(MATERIALS PROVIDED)

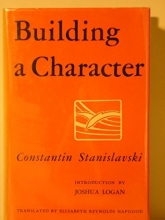 Cover art for Building a Character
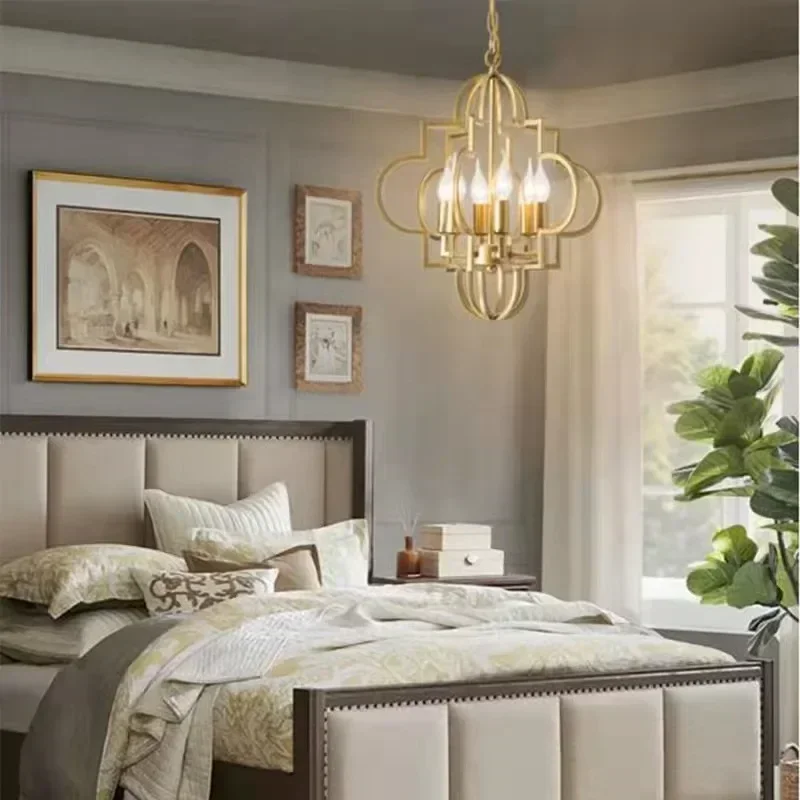 SANDYHA Nordic Retro Gold Chandeliers Iron Art LED Pendant Lamps Home Decor Dining Living Room Cafe Restaurant Lighting Fixtures
SANDYHA Nordic Retro Gold Chandeliers Iron Art LED Pendant Lamps Home Decor Dining Living Room Cafe Restaurant Lighting Fixtures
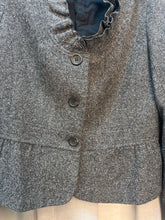 SIZE 10 LOFT Gray Outerwear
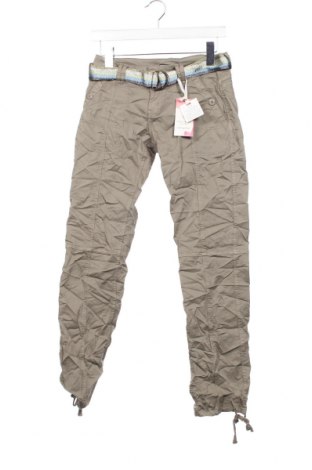 Dámské kalhoty  Fresh Made, Velikost XS, Barva Zelená, Cena  126,00 Kč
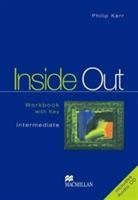 Inside out. Intermediate. Workbook. With key. Per le Scuole superiori. Con CD Audio - Philip Kerr - Libro Macmillan 2004 | Libraccio.it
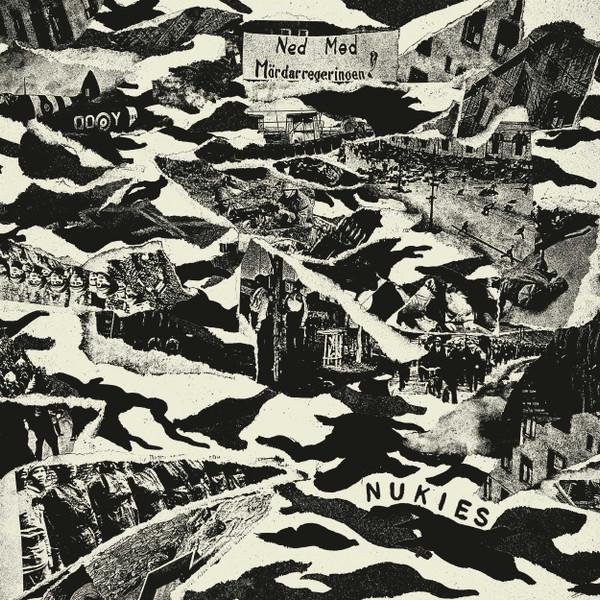 Nukies - Can't You Tell That This Is Hell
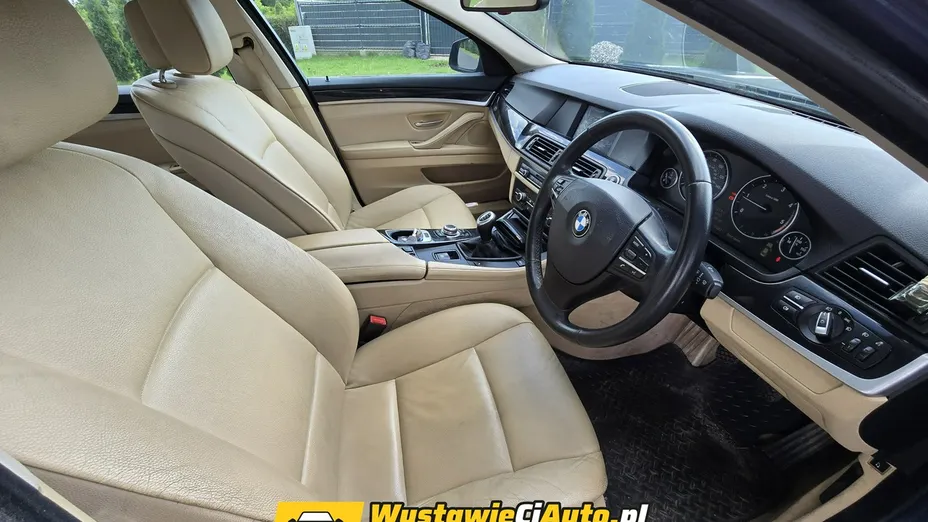 BMW Seria 5 -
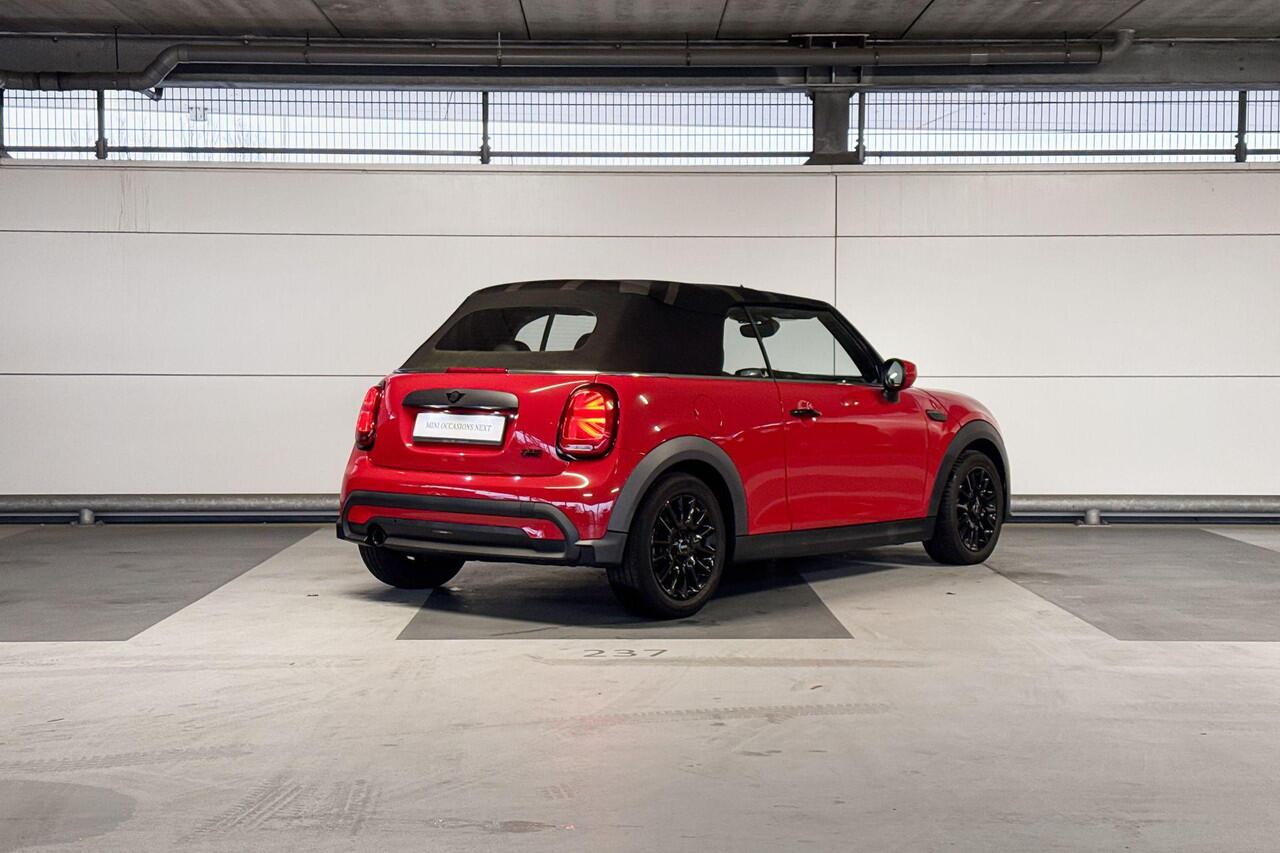 Mini ONE Cabrio Business Edition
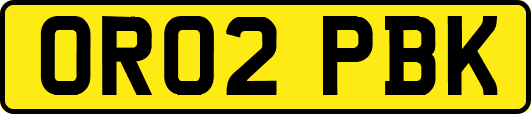 OR02PBK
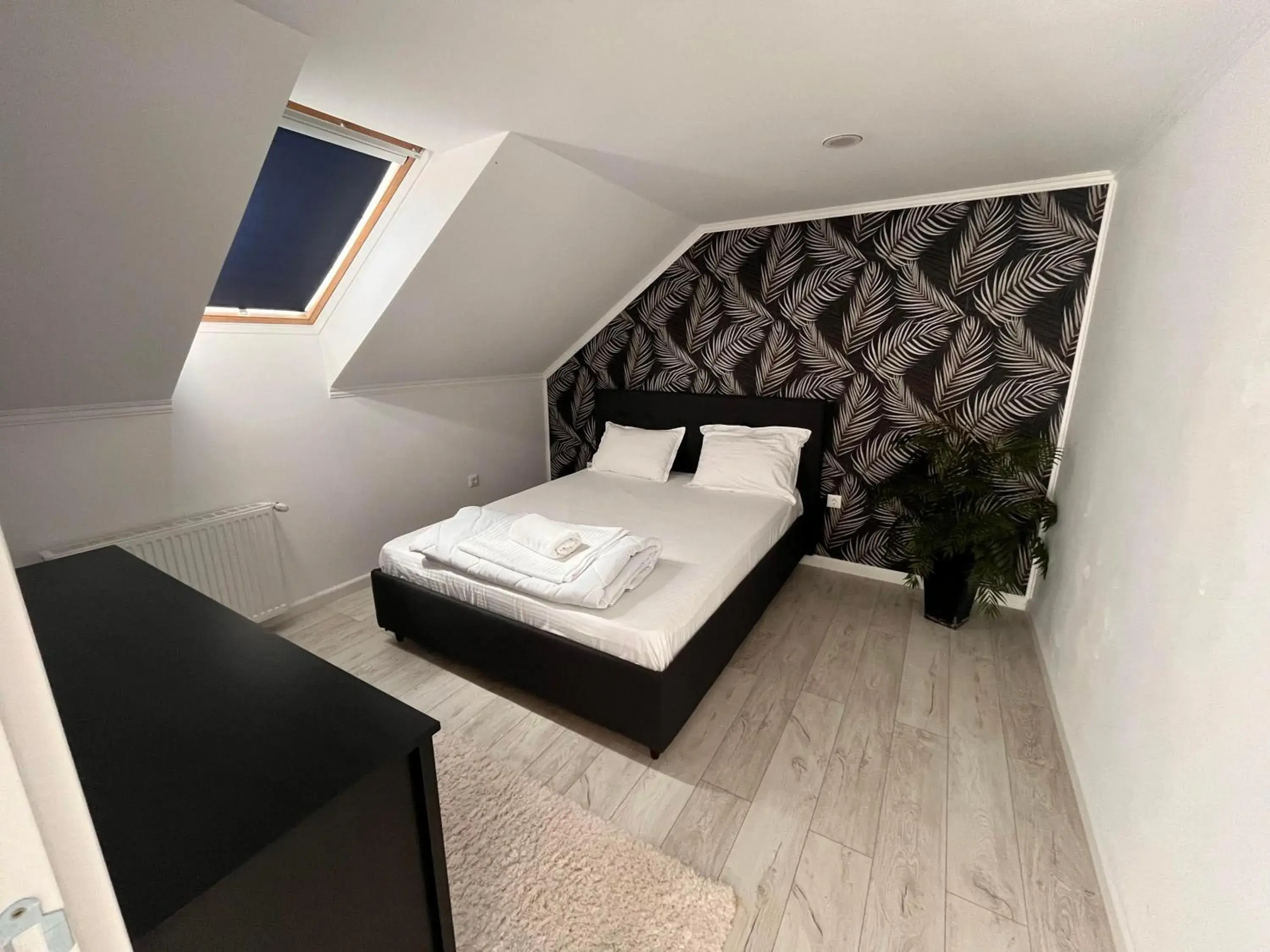 Deluxe Room in Lira Holiday Apartments Deluxe Room in Lira Holiday Apartments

(End MATERIALS PROVIDED)

| TASK OBJECTIVE |
Using the listing above, set down exactly each line from the one containing "Nukies - Can't You Tell That This Is Hell" through the final line, and leave out pictures.

| RESULT BELOW |
 Nukies - Can't You Tell That This Is Hell
 BMW Seria 5 -
 Mini ONE Cabrio Business Edition
 OR02PBK
 Deluxe Room in Lira Holiday Apartments Deluxe Room in Lira Holiday Apartments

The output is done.